Stephen Adelakun picture Stephen Adelakun · Mar 12, 2015 · Viewed 14.1k times · Source

I have been using summernote editor for a while now and it's working for most of the things I've needed it for. However, I recently wanted it disabled ( not destroyed ) after a user action. After efforts without success, it occurred to me I could use the destroy() method to achieve what I wanted. I noticed that Summernote still turned an already disabled textarea to its editor, with the writing area disabled. Here is what I finally did:

To disable summernote after creating it: I first destroyed it, then disabled the target element, and finally re-initialized it:

    $(".summernoteTarget").destroy();

    $(".summernoteTarget").prop('disabled', true );

    $(".summernoteTarget").summernote();

And to enable it again, I first destroyed it as before, then enabled the target element, and lastly re-initialized it:

    $(".summernoteTarget").destroy();

    $(".summernoteTarget").prop('disabled', false );

    $(".summernoteTarget").summernote();

This did the trick with minor problem: when it remains in the 'disabled' state, all the controls are not disabled, only the writing area is. So a user can still , say, drag a file onto the writing area but this raises an error.
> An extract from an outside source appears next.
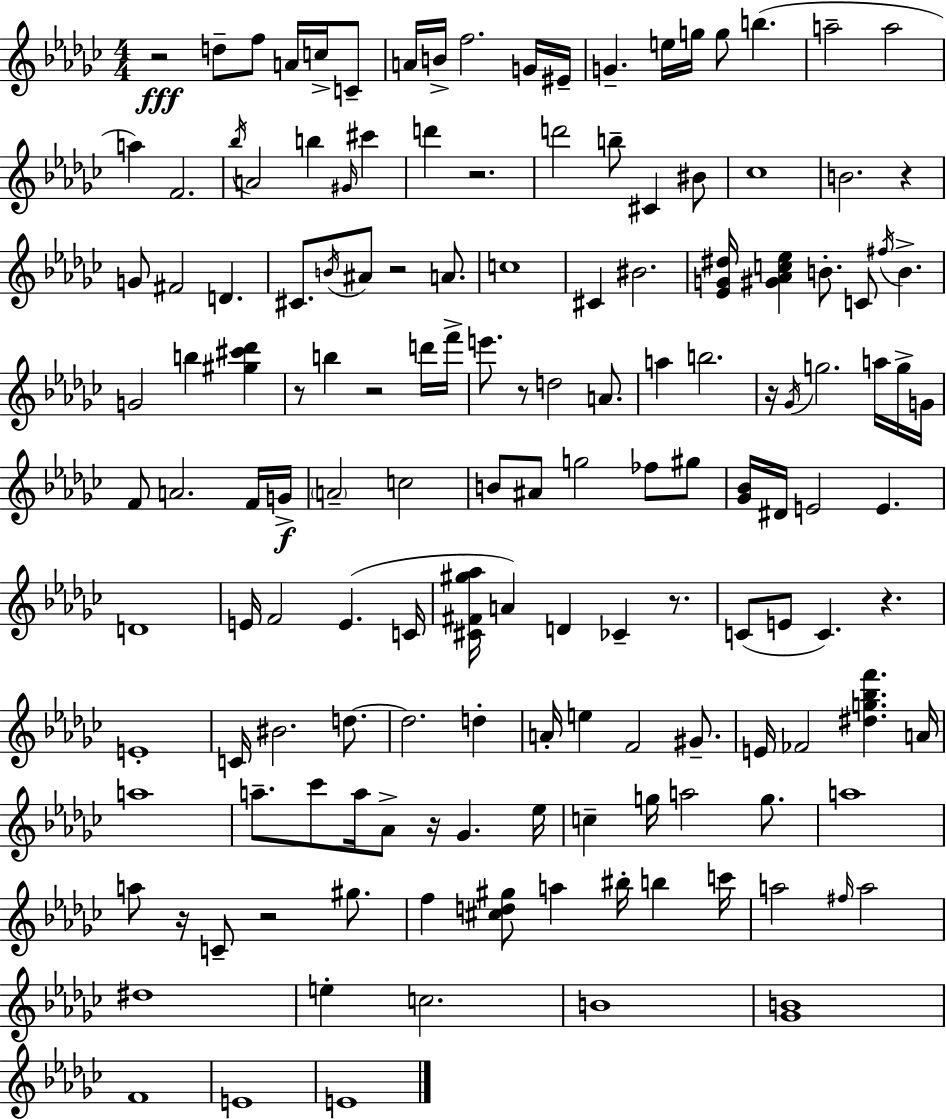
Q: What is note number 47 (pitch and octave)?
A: B5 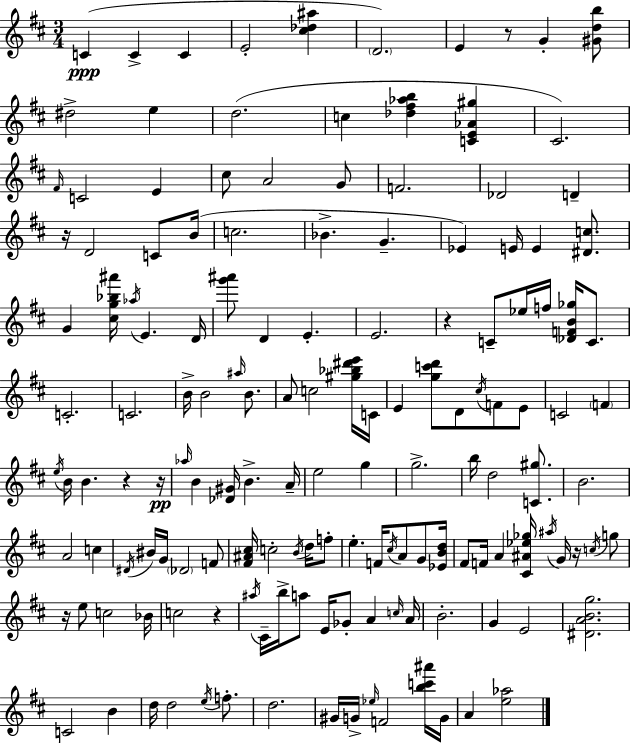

Has anyone taken a look at the source of Summernote and can add two methods( disable and enable ) in addition to destroy(), so that we can do something like:

     $(".summernoteTargetElement").disable();
     $(".summernoteTargetElement").enable();

Thanks.

Answer

Pedro Acácio picture Pedro Acácio · Jan 20, 2016

This worked for me:

// The class note-editable is generated by summernote

// To enable
$('.note-editable').attr('contenteditable', true);

// To disable
$('.note-editable').attr('contenteditable', false);

Source: https://github.com/summernote/summernote/issues/61

Hope this helps someone :)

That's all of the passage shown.